= Data provided =
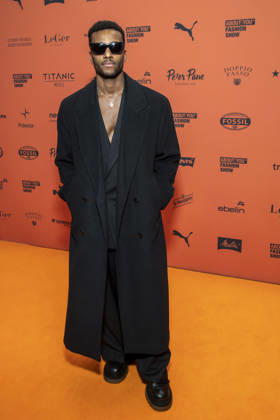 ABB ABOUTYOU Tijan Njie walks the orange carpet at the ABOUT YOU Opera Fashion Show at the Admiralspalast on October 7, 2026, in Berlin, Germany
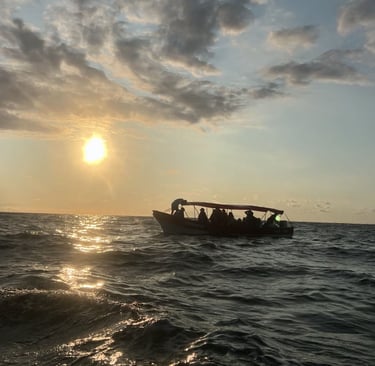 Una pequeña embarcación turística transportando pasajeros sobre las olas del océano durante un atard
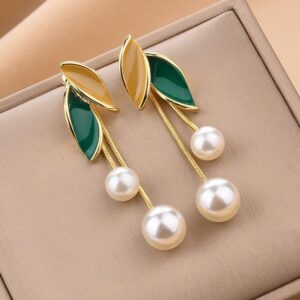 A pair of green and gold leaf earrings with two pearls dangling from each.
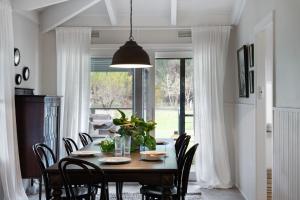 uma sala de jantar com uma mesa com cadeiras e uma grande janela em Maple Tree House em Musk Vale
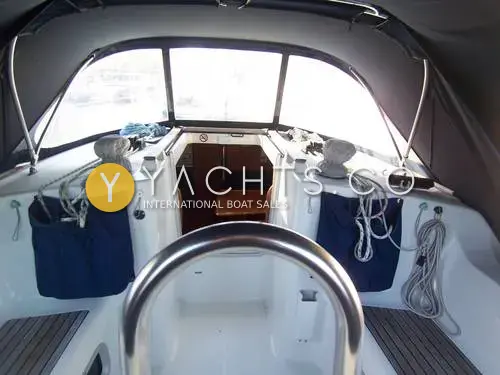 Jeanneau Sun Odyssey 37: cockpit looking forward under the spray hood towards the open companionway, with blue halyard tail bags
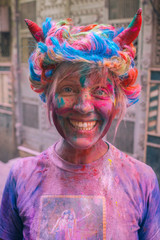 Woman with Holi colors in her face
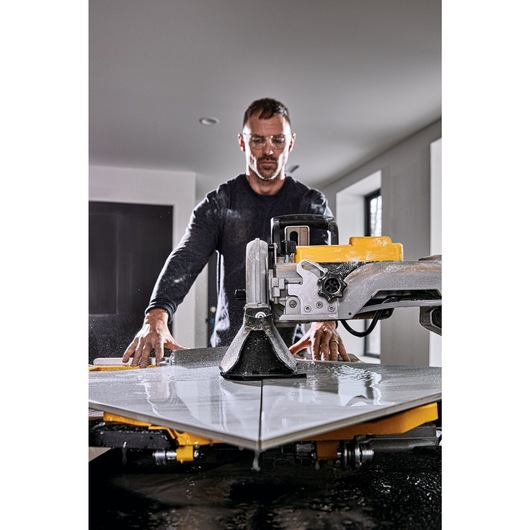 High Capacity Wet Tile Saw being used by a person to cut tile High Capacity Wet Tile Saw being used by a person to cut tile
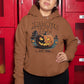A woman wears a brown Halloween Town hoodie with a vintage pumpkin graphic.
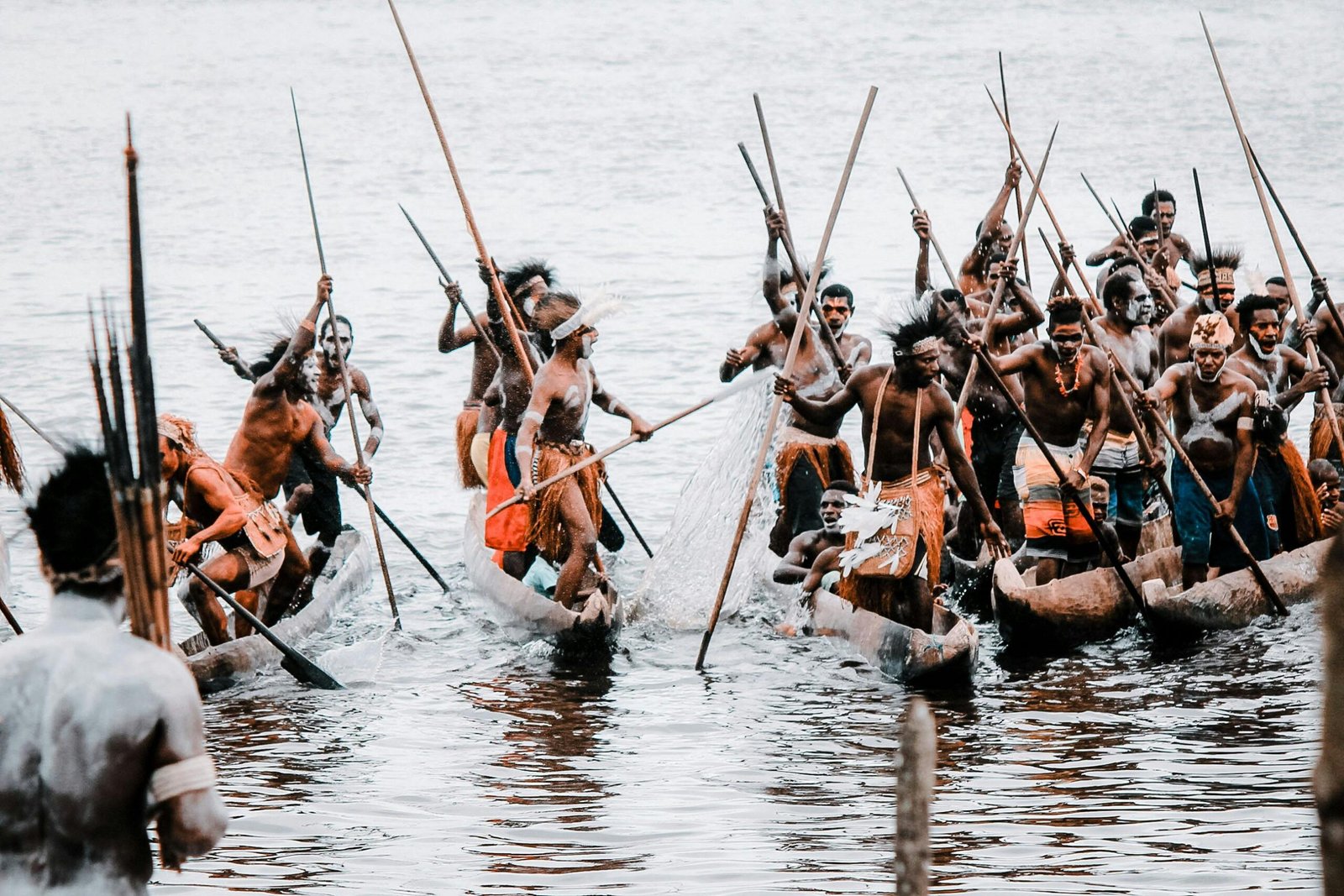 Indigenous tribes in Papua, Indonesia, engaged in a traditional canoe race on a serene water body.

= Task directions =
Copy exactly and only this span: the line with "Woman with Holi colors in her face" through the final line of the entries, both ends included, with the pictures left out.

= The completed task =
 Woman with Holi colors in her face
 High Capacity Wet Tile Saw being used by a person to cut tile High Capacity Wet Tile Saw being used by a person to cut tile
A woman wears a brown Halloween Town hoodie with a vintage pumpkin graphic.
 Indigenous tribes in Papua, Indonesia, engaged in a traditional canoe race on a serene water body.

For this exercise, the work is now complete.